═══ Excerpted records
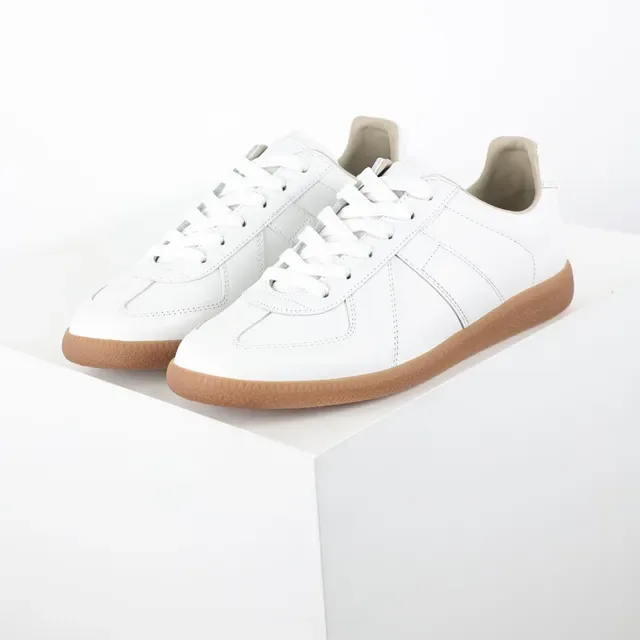 White Brown Clean Leather Upper Gum Rubber Sole Lifestyle Sneakers 2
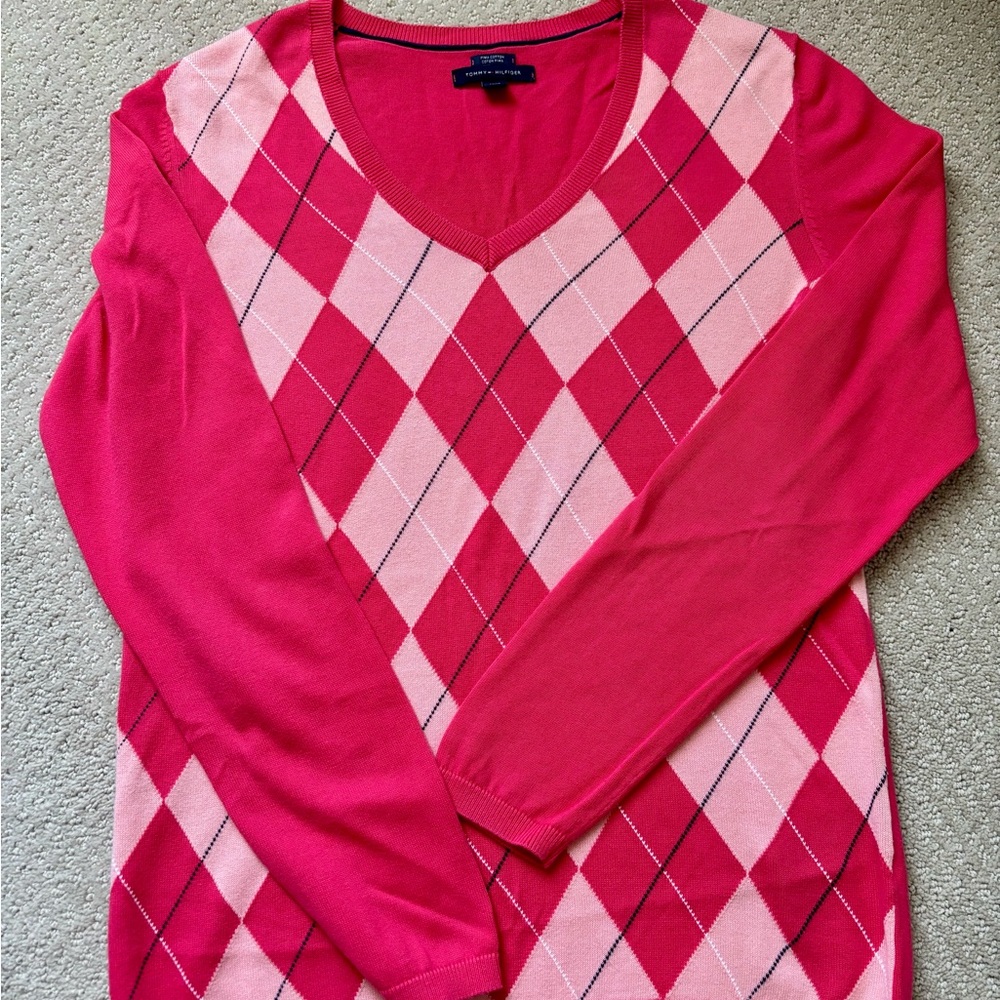 Tommy Hilfiger Women’s Pink Argyle Sweater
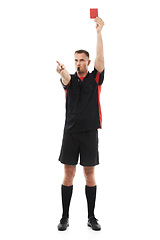 Image showing Referee man, whistle and red card hand warning while pointing for soccer rules, penalty or fail. Football man or coach sign for mistake or caution for competition game isolated on a white background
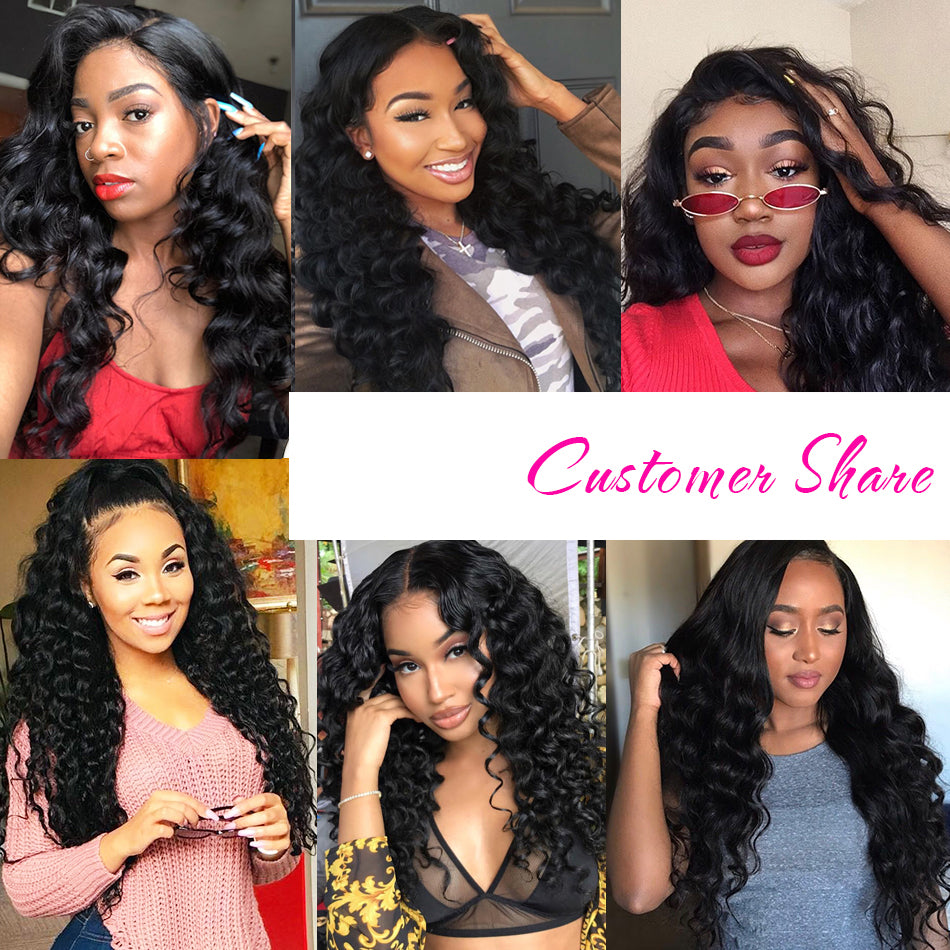 10A Loose Deep Wave Human Hair 3 Bundles With 5x5 Closure 100% Remy Human Hair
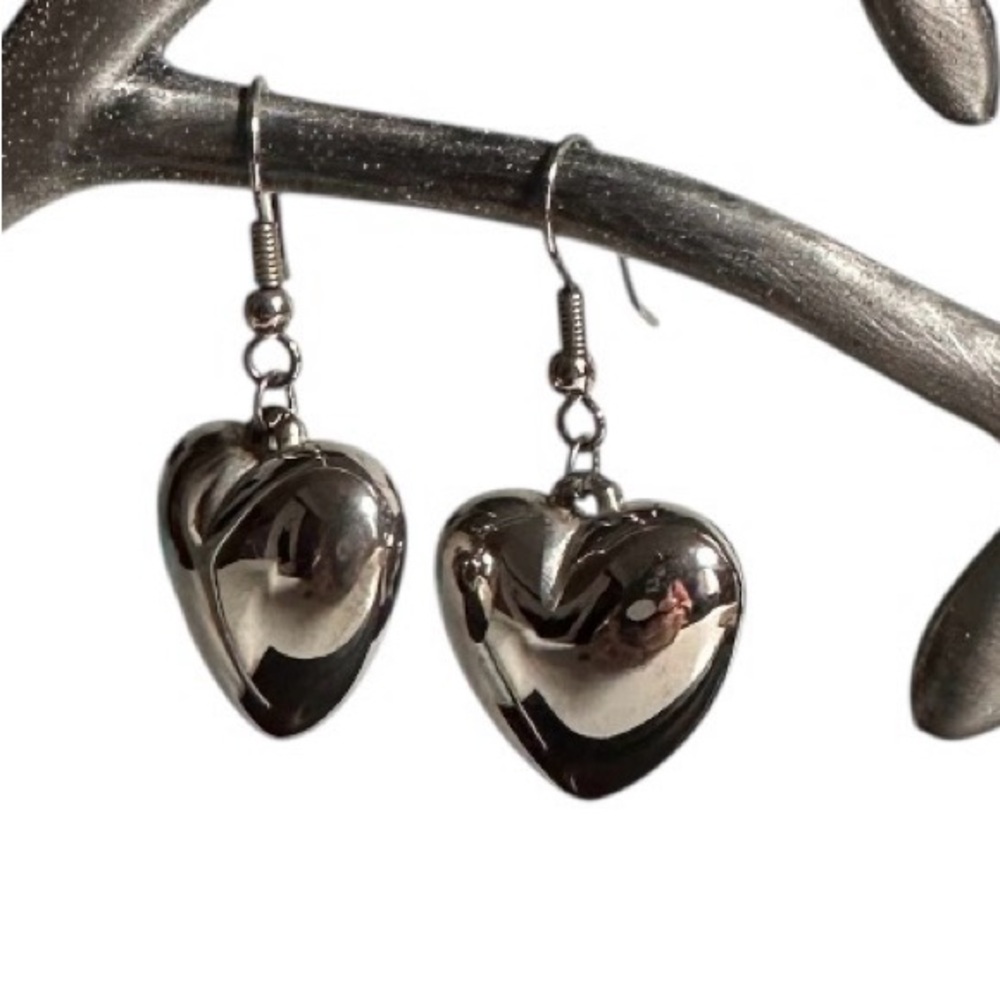 Sterling Silver Puffed Heart Dangle Earrings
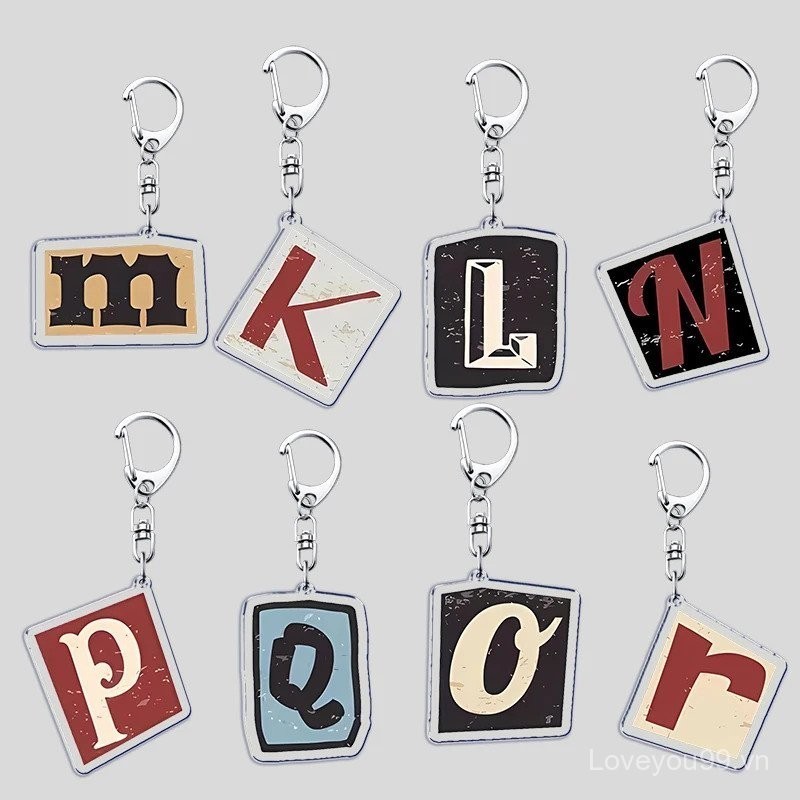 Móc khóa chữ cái phong cách retro C M K L cho phụ kiện túi xách, móc khóa, nhẫn trang sức, quà tặng cho người hâm mộ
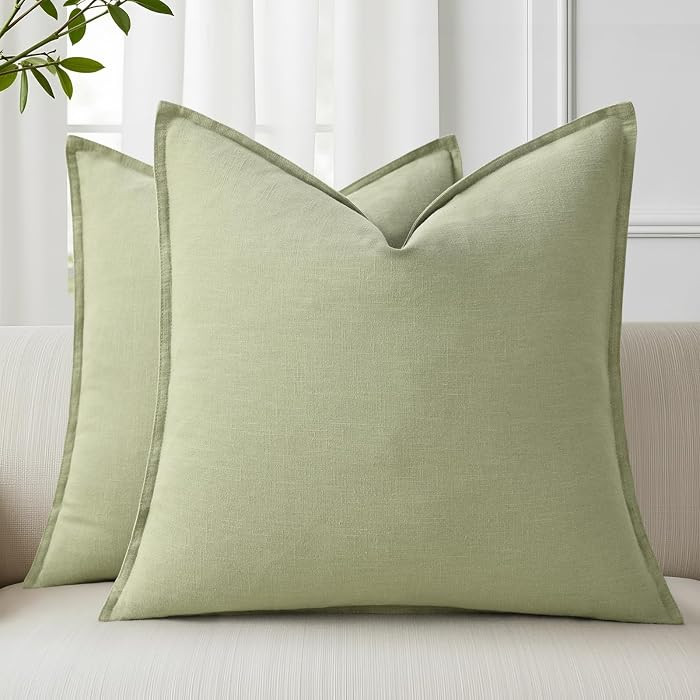 decorUhome Decorative Linen Throw Pillow Covers 18x18 Inch Set of 2 Sage Green Pillow Covers with Flange Edges Soft Farmhouse Boho Accent Pillow Cases for Couch Bed Living Room | Amazon (US)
══════
[Requirement] Repeat the material above verbatim, with no pictures in the output.

[Result]
 White Brown Clean Leather Upper Gum Rubber Sole Lifestyle Sneakers 2
 Tommy Hilfiger Women’s Pink Argyle Sweater
 Image showing Referee man, whistle and red card hand warning while pointing for soccer rules, penalty or fail. Football man or coach sign for mistake or caution for competition game isolated on a white background
 10A Loose Deep Wave Human Hair 3 Bundles With 5x5 Closure 100% Remy Human Hair
 Sterling Silver Puffed Heart Dangle Earrings
 Móc khóa chữ cái phong cách retro C M K L cho phụ kiện túi xách, móc khóa, nhẫn trang sức, quà tặng cho người hâm mộ
 decorUhome Decorative Linen Throw Pillow Covers 18x18 Inch Set of 2 Sage Green Pillow Covers with Flange Edges Soft Farmhouse Boho Accent Pillow Cases for Couch Bed Living Room | Amazon (US)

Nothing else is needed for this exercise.